Here, we show an advanced example in which we look for terrain-dependent explanatory variables to explain the
heteroscedasticity for a DEM difference at Longyearbyen. We detail the steps used by
infer_heteroscedasticity_from_stable()
exemplified in Elevation error map.
We use data binning and robust statistics in N-dimension with
nd_binning()
, apply a N-dimensional interpolation with
interp_nd_binning()
, and scale our interpolant function with a two-step standardization
two_step_standardization()
to produce the final elevation error function.
Reference: Hugonnet et al. (2022).
import geoutils as gu
import numpy as np
import xdem
We load example files and create a glacier mask.
ref_dem = xdem.DEM(xdem.examples.get_path("longyearbyen_ref_dem"))
dh = xdem.DEM(xdem.examples.get_path("longyearbyen_ddem"))
glacier_outlines = gu.Vector(xdem.examples.get_path("longyearbyen_glacier_outlines"))
mask_glacier = glacier_outlines.create_mask(dh)
We derive terrain attributes from the reference DEM (see Terrain attributes), which we will use to explore the variability in elevation error.
We convert to arrays and keep only stable terrain for the analysis of variability
dh_arr = dh[~mask_glacier].filled(np.nan)
slope_arr = slope[~mask_glacier].filled(np.nan)
aspect_arr = aspect[~mask_glacier].filled(np.nan)
planc_arr = planc[~mask_glacier].filled(np.nan)
profc_arr = profc[~mask_glacier].filled(np.nan)
We use xdem.spatialstats.nd_binning()
to perform N-dimensional binning on all those terrain variables, with uniform
bin length divided by 30. We use the NMAD as a robust measure of statistical dispersion
(see Measures of central tendency and dispersion).

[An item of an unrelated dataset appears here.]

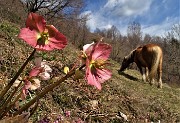 41 Un bel cavallo al pascolo sui prati con ellebori in fiore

df = xdem.spatialstats.nd_binning(
values=dh_arr,
list_var=[slope_arr, aspect_arr, planc_arr, profc_arr],
list_var_names=["slope", "aspect", "planc", "profc"],
statistics=["count", xdem.spatialstats.nmad],
list_var_bins=30,
)
We obtain a dataframe with the 1D binning results for each variable, the 2D binning results for all combinations of variables and the N-D (here 4D) binning with all variables. Overview of the dataframe structure for the 1D binning:
df[df.nd == 1]
And for the 4D binning:
df[df.nd == 4]
We can now visualize the results of the 1D binning of the computed NMAD of elevation differences with each variable
using xdem.spatialstats.plot_1d_binning()
.
We can start with the slope that has been long known to be related to the elevation measurement error (e.g.,
Toutin (2002)).
xdem.spatialstats.plot_1d_binning(
df, var_name="slope", statistic_name="nmad", label_var="Slope (degrees)", label_statistic="NMAD of dh (m)"
)
We identify a clear variability, with the dispersion estimated from the NMAD increasing from ~2 meters for nearly flat slopes to above 12 meters for slopes steeper than 50°.
What about the aspect?
xdem.spatialstats.plot_1d_binning(df, "aspect", "nmad", "Aspect (degrees)", "NMAD of dh (m)")
There is no variability with the aspect that shows a dispersion averaging 2-3 meters, i.e. that of the complete sample.
What about the plan curvature?
xdem.spatialstats.plot_1d_binning(df, "planc", "nmad", "Planform curvature (100 m$^{-1}$)", "NMAD of dh (m)")
The relation with the plan curvature remains ambiguous.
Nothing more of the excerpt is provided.